WHAT YOU ARE ASKED TO DO: Copy out the data that comes next, character for character, and leave the images aside.

DATA EXCERPT:
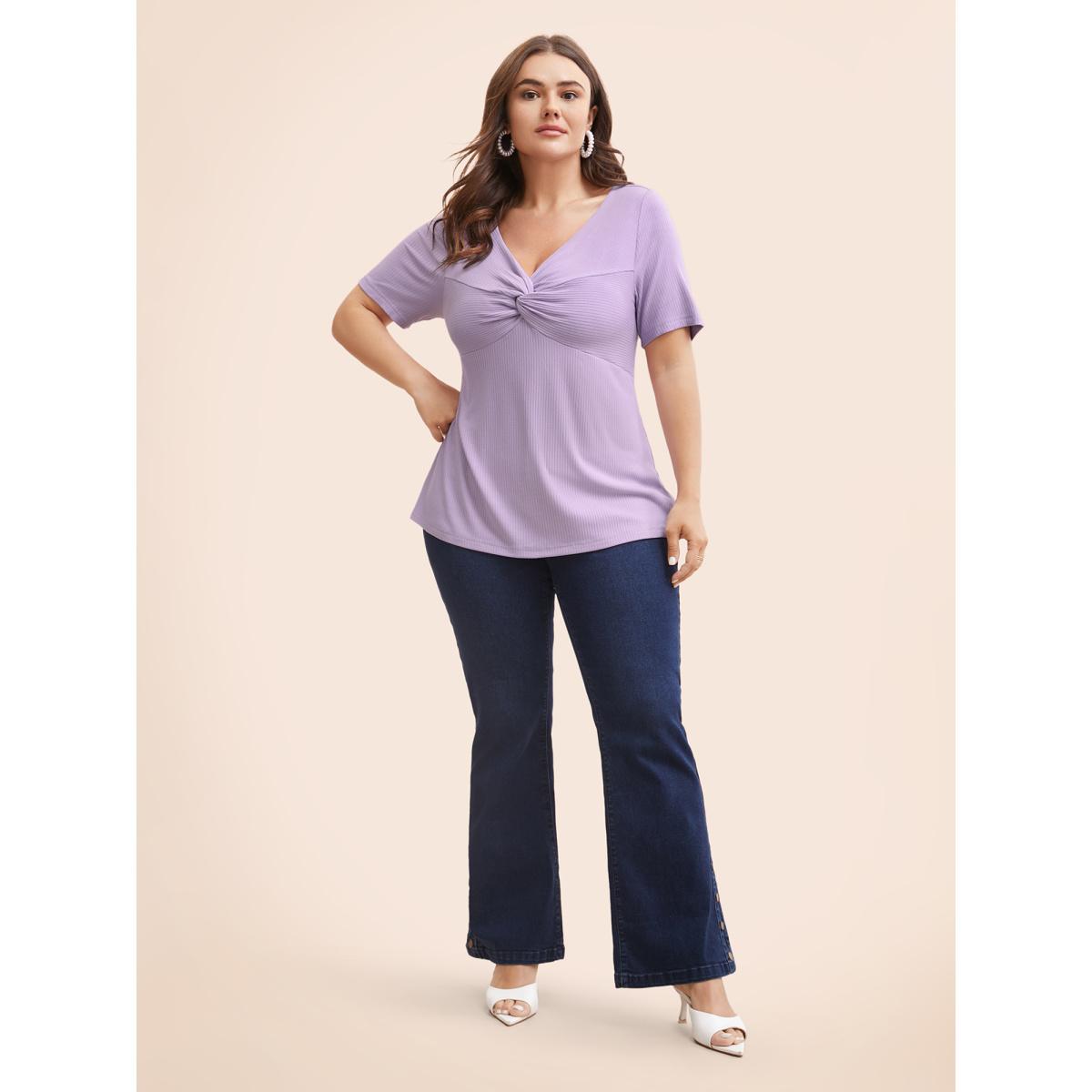 Plus Size Plain Textured Rib Knit Twist Front T-shirt Lilac Women Elegant Twist V-neck Bodycon Everyday T-shirts BloomChic 18-20/2X Product Image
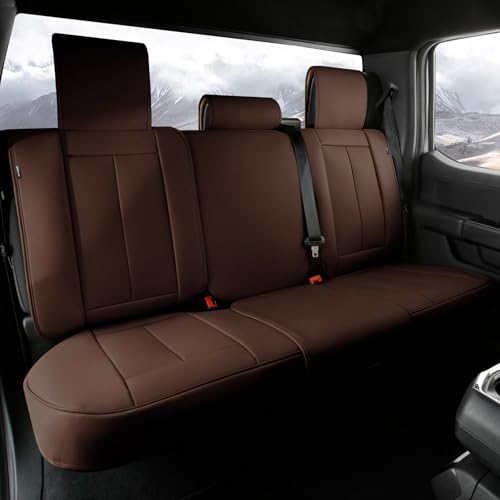 Coverland Custom Car Seat Covers Compatible with 2002-2017 Toyota Camry - Premium Leather Non-Slip Memory Foam Waterproof Seat Cover Custom fit Interior Protector [Rear Seat-Dark Brown] - color: Dark Brown, size: Rear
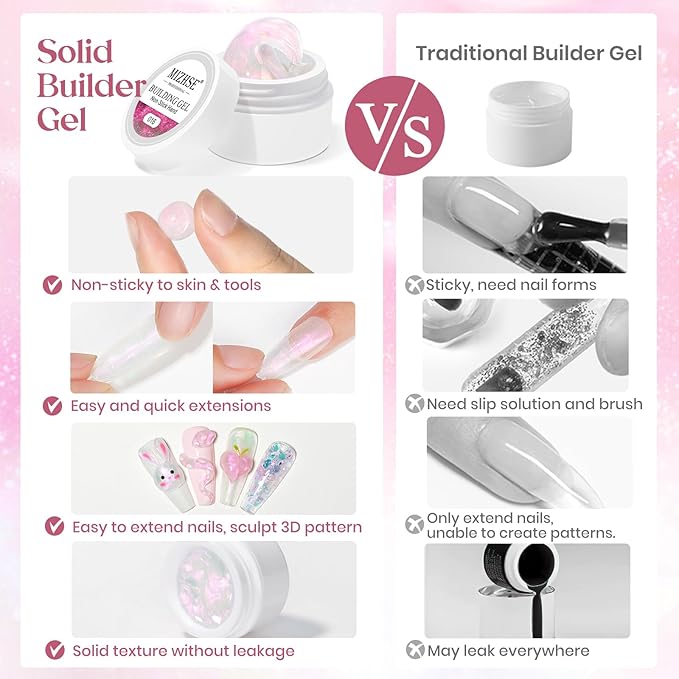 MIZHSE Solid Builder Gel, Aurora Pink & Clear Sculpting Gel for Nails, Non-Sticky 3D Nail Art Mermaid Pearl Building Carving Modeling Sculpture Hard Extension Manicure Salon Home DIY-BrightBean Baby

TASK RESULT:
 Plus Size Plain Textured Rib Knit Twist Front T-shirt Lilac Women Elegant Twist V-neck Bodycon Everyday T-shirts BloomChic 18-20/2X Product Image
 Coverland Custom Car Seat Covers Compatible with 2002-2017 Toyota Camry - Premium Leather Non-Slip Memory Foam Waterproof Seat Cover Custom fit Interior Protector [Rear Seat-Dark Brown] - color: Dark Brown, size: Rear
 MIZHSE Solid Builder Gel, Aurora Pink & Clear Sculpting Gel for Nails, Non-Sticky 3D Nail Art Mermaid Pearl Building Carving Modeling Sculpture Hard Extension Manicure Salon Home DIY-BrightBean Baby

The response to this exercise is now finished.